[Data block]
╔══

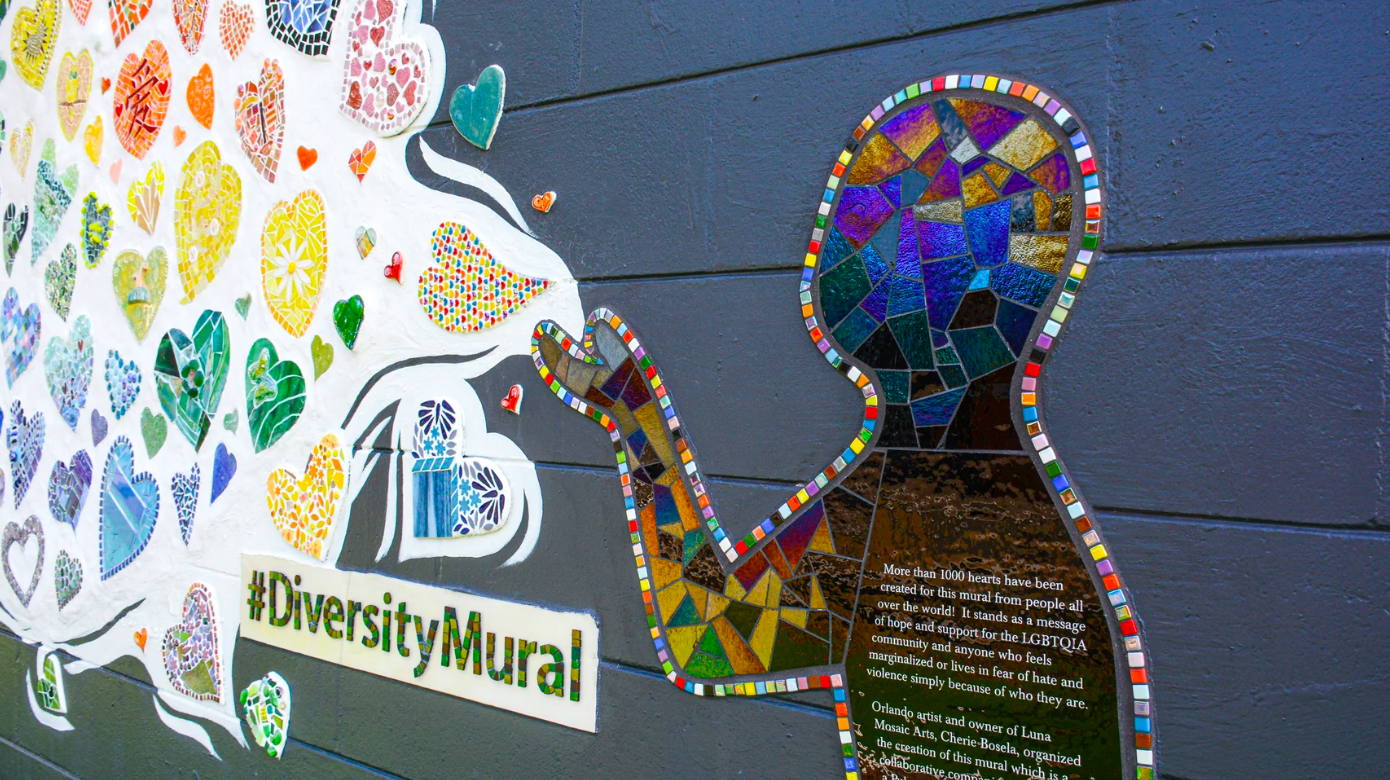 A mosaic of an irridescent figure blowing hearts with the words diversity mural underneath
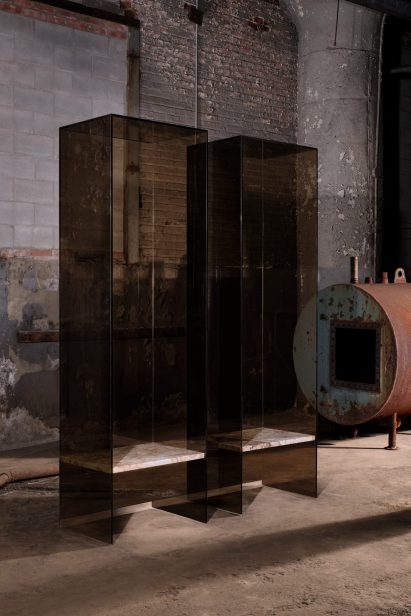 Throne-like chairs encased in glass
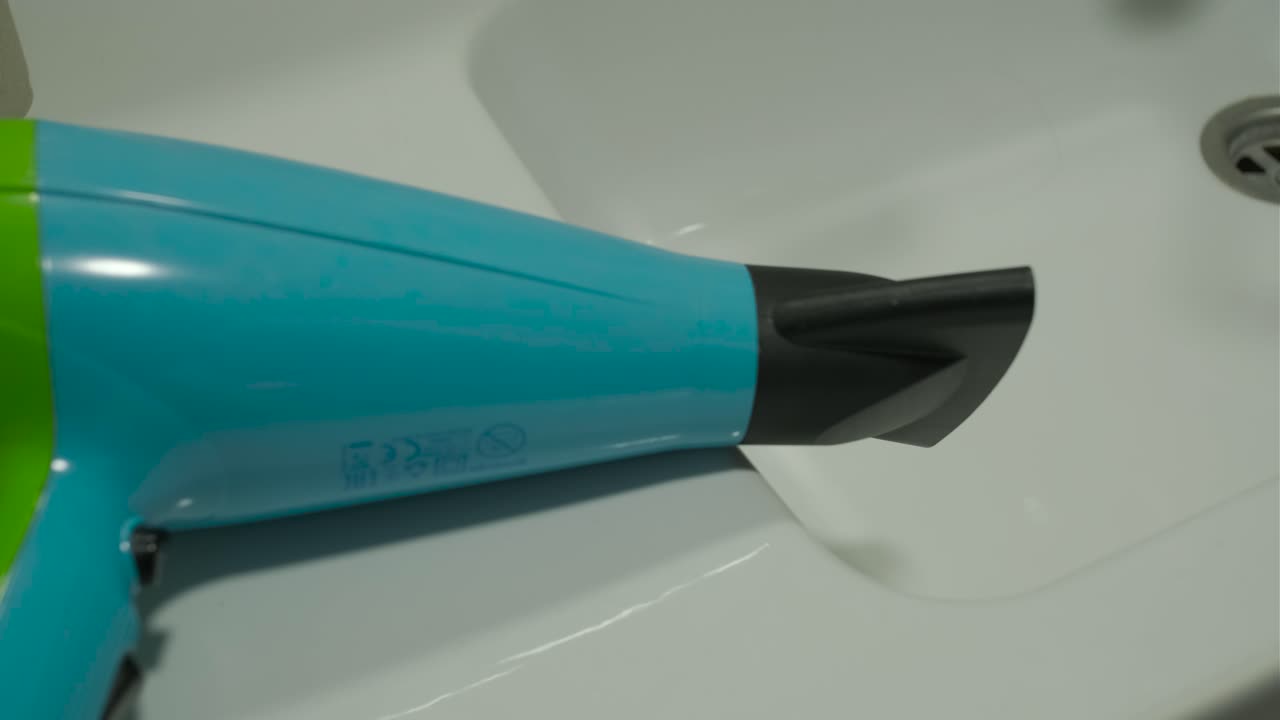 Plano detalhe de um secador de cabelo azul e verde em funcionamento.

╚══

[Work instructions] Please write out exactly the lines from the one holding "Throne-like chairs encased in glass" through the last line of the material above, both included, as a copy without pictures.

[Written reply]
 Throne-like chairs encased in glass
 Plano detalhe de um secador de cabelo azul e verde em funcionamento.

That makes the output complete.